Personal information
- Born: November 14, 1963 (age 62) Orange, New Jersey, U.S.
- Listed height: 6 ft 2 in (1.88 m)
- Listed weight: 205 lb (93 kg)

Career information
- High school: Millburn (Millburn, New Jersey)
- College: Lehigh
- NFL draft: 1986: undrafted

Career history
- New York Giants (1986)*; New York Jets (1986-1987)*; Philadelphia Eagles (1987);
- * Offseason and/or practice squad member only

Career NFL statistics
- TD–INT: 0-0
- Passing yards: 68
- Passer rating: 65.7
- Stats at Pro Football Reference

= Marty Horn =

American football player (born 1963)

Martin Louis Horn (born March 27, 1963) is an American former professional football player who was a quarterback for one season with the Philadelphia Eagles of the National Football League (NFL) in 1987. He played college football for the Lehigh Mountain Hawks.

==Early life==
Horn was born in Orange, New Jersey and grew up in the Short Hills section of Millburn, New Jersey, where he attended Millburn High School.
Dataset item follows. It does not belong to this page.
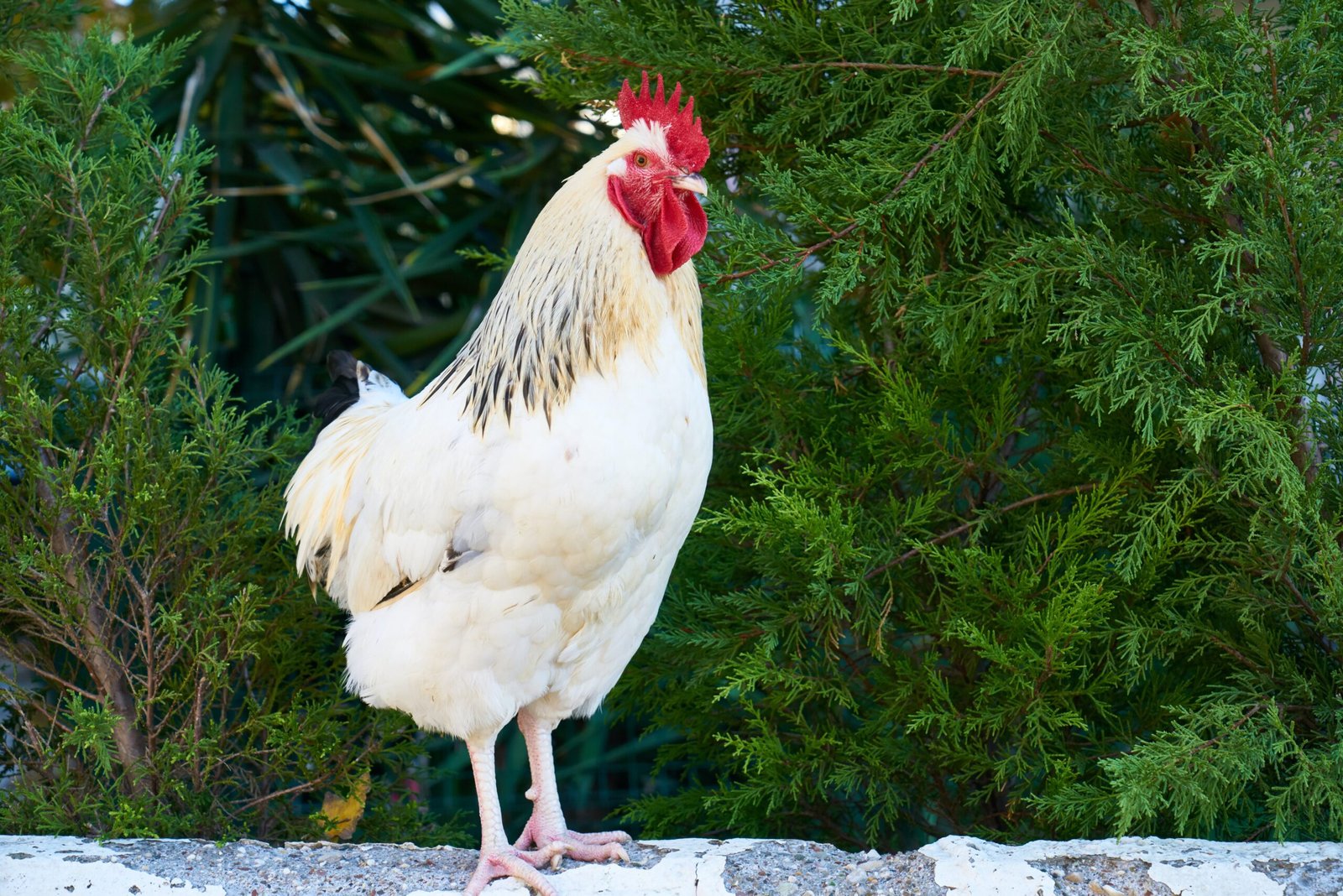 What Are The Signs Of A Broody Rooster, And What Should You Do?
After graduating from Millburn he completed a postgraduate year at Milford Academy.

==College career==
Horn was a four-year starter for the Lehigh Engineers, taking over as a freshman after the team's first-string quarterback was injured in a game against Penn. As a sophomore he was named an honorable mention All-American and finished third in Division I-AA in passer rating as a junior. Horn was named an honorable mention All-American again as a senior in 1985. He finished his collegiate career with 9,120 yards and 62 touchdowns, both school records.

==Professional career==
Horn was signed by the New York Jets as an undrafted free agent in 1986 after a tryout with the team, but was cut during training camp. He was re-signed by the Jets during the 1987 offseason but was waived again at the end of the preseason. Horn was signed by the Philadelphia Eagles as a replacement player during the 1987 NFL players strike. He served as the backup to Scott Tinsley and appeared in one game, completing five of eleven passes for 68 yards in a 41–22 loss to the Dallas Cowboys on October 11, 1987. Horn was released after the strike ended.

==Personal life==
After retiring from football Horn joined his brothers in running two restaurants owned by his family in West Orange, New Jersey. He also served as an analyst on Lehigh football broadcasts for 20 years. Horn is the offensive coordinator and quarterbacks coach at Madison High School and coached both of his sons.